Dan Parton (03/04/2012) hopes a few more employers will take heed of the benefits of workplace counselling:
Results from a survey of staff at the University of Cambridge,which found that even a short burst of counselling can make a positive difference to the lives and productivity of people suffering from problems like anxiety, stress or depression,demonstrate that mental health services have a role in the workplace - if only more employers would recognise this.
The study found that 70% of the staff concerned experienced a"clinically significant" upswing in mental health after receiving workplace counselling, which enabled them to cope more effectively with their working lives.

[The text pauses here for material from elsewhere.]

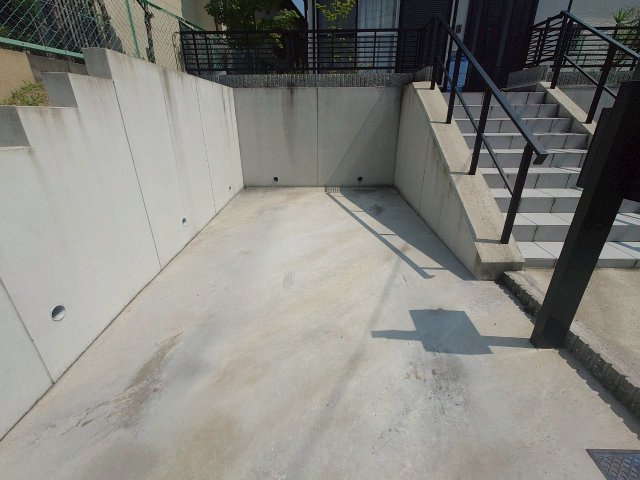 ◆スーパー、ドラッグストアが徒歩７分以内◆全居室６帖以上の３ＬＤＫ◆亀岡市西つつじケ丘大山台１丁目の駐車場|駐車場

But it seems that fewer and fewer employees now have access to such services, as Rick Hughes, lead advisor at BACP Workplace, a division of the British Association for Counselling and Psychotherapy, said: "Throughout the UK, workplace counselling services are facing significant cuts and in many cases closure as organisations seek to reduce costs."

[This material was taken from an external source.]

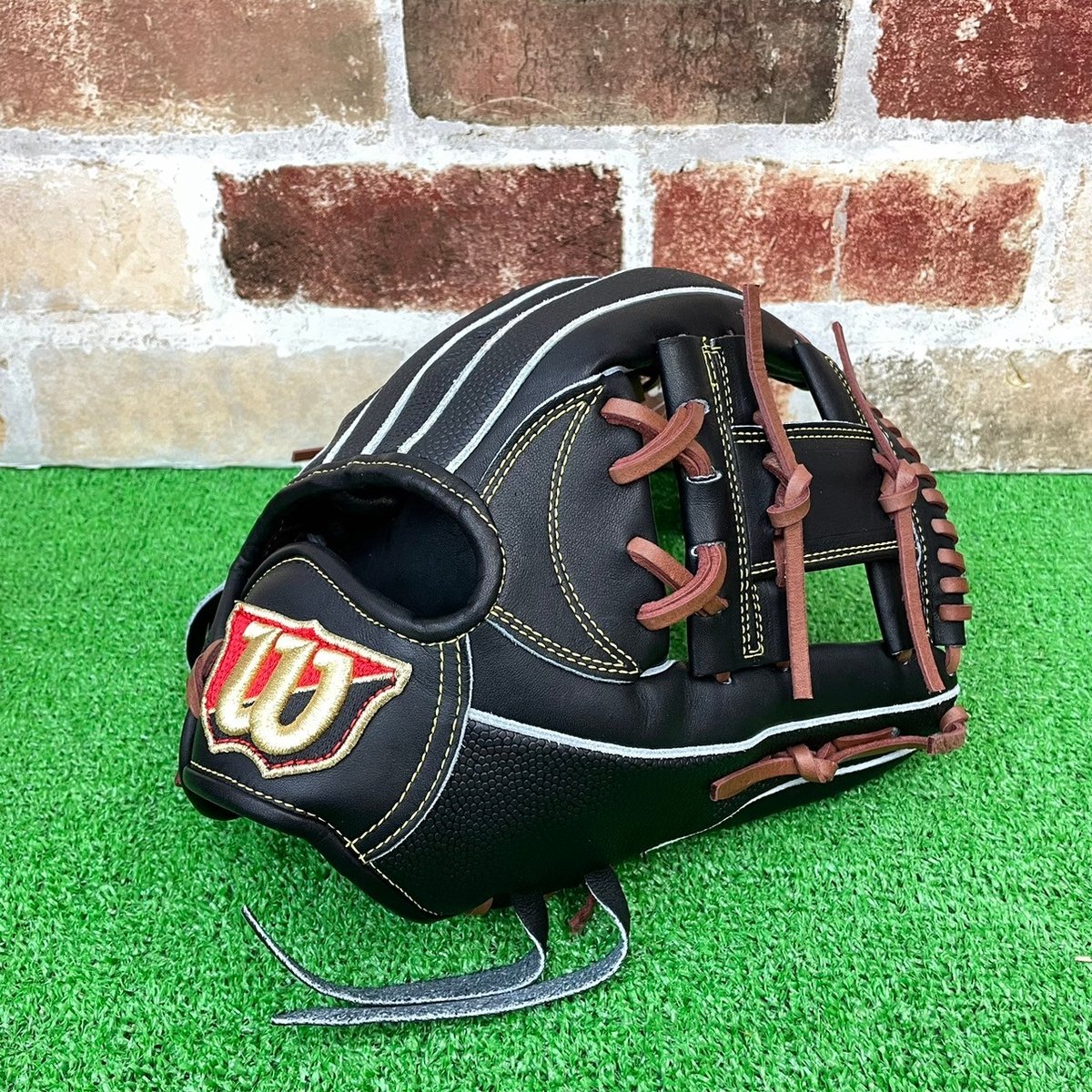 未使用○ウィルソンスタッフ 硬式グラブ 1723型 ブリック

If the results of this survey are to be believed, it could be a false economy for employers to cut counselling services. It is well known that in times of recession, stress levels increase, in the workplace as well as the home, especially if there are worries about jobs, for instance. And, when employees are suffering from stress, anxiety or depression, it stands to reason that they will not be as productive as they could be.
So, while employers may look to cut costs in the face of continuing economic uncertainty, they should think twice about axing services such as workplace counselling. Justifying services that don't obviously contribute to the bottom line can often be tricky, but counselling can have real benefits. Such relatively low-level - and inexpensive - interventions can even save money by helping to stop mental health problems escalating, which could end up costing the employer more, not only in lost productivity but in sick pay and in finding temporary cover, if the person involved has to take time off.
To me, it is a no-brainer to keep the service on, and Hughes summed things up perfectly: "If employees really are the most important resource within an organisation, then it is crucial that organisations fulfil their duty of care and make available to staff a range of accessible counselling support interventions."